This CLI tool odc
and python script is meant to be used for the Oracle Audience Competition. Below are usage
instructions
This script has been tested with Python 3.5
$ git clone [email protected]:CoDataScience/oracle-audience.git
$ python setup.py install
$ odc --help
Usage: odc [OPTIONS] COMMAND [ARGS]...
Options:
--help Show this message and exit.
Commands:
sample
score
Using files in the correct input format and using the spend files provided in slack
$ odc score --help
Usage: odc score [OPTIONS] SPEND_FILE SUBMISSION_FILE
Options:
--ratio Score by computing top K using ratio instead of K=100,000
--help Show this message and exit.
$ odc score data/all_val_spend.csv vw_data/submission.csv
Below is sample output
Revenue: 10184379.730004184
Fraction of Possible Revenue: 0.6169140659646304
Number of Responders: 57033
Fraction of Possible Responders 0.5721379559407729
If you are using sampled data then the first file should only include what you want to score against
and you should use the --ratio
flag.
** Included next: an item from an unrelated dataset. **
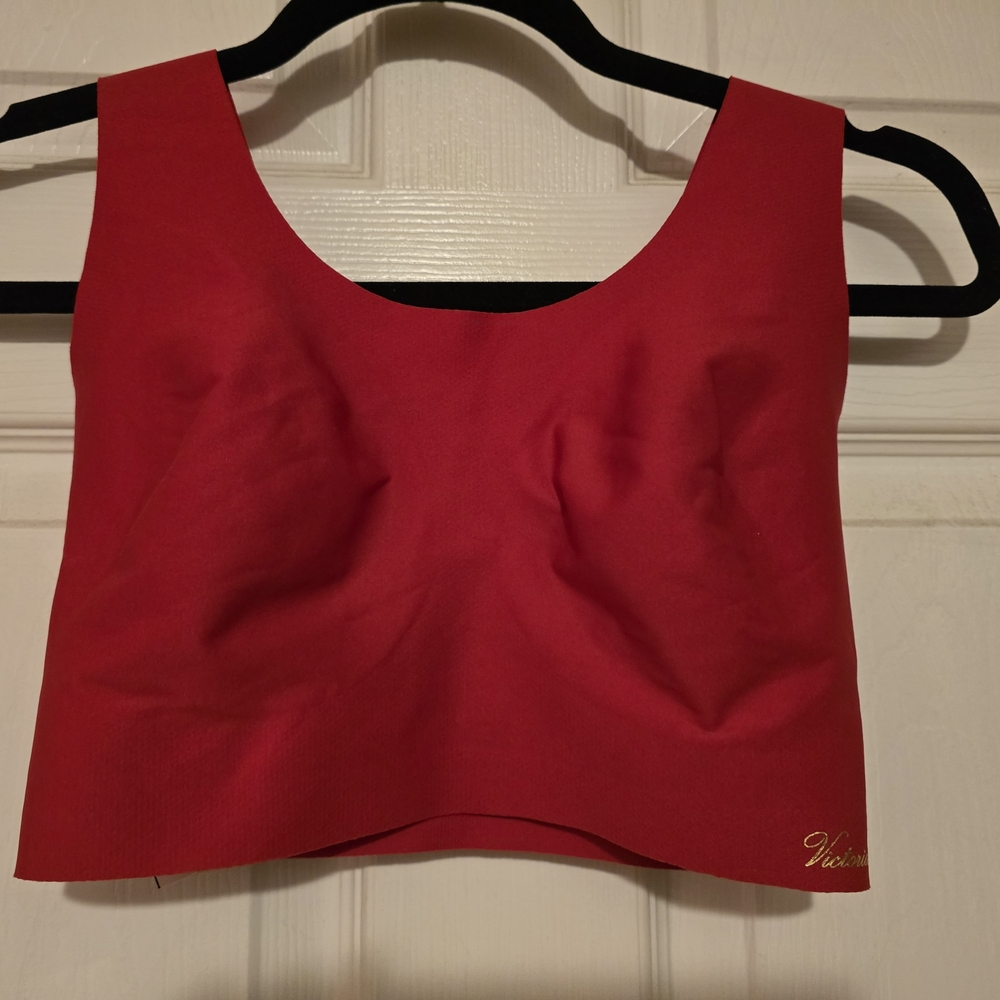 Victoria's Secret Red Bra NWT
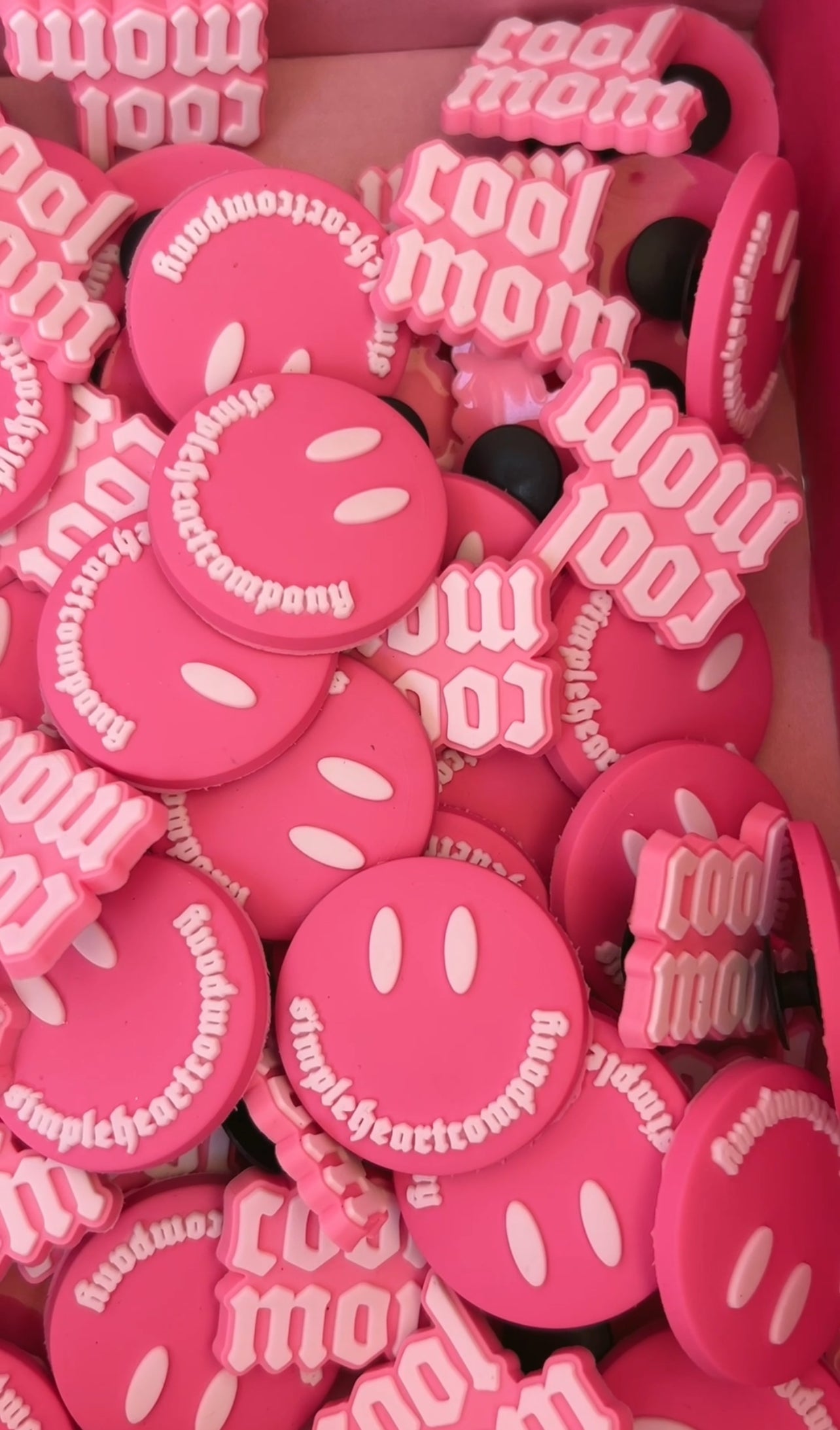 Cool mom show charms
Otherwise its expected you give exactly 100,000 advertisements
For convenience there is also a script to sample data so you can model on smaller datasets that have the correct class balance. This script was used to generate the sampled data provided and can be used as below
$ odc sample --help
Usage: odc sample [OPTIONS] N_SAMPLES INPUT_PATH OUTPUT_PATH
Options:
--seed INTEGER
--help Show this message and exit.
$ odc sample 10000 data/train data/sampled_train.txt
This will sample 10000 examples from data files that are in data/train
. The files in there can be
decompressed or still compressed in bz2 format. The script handles both.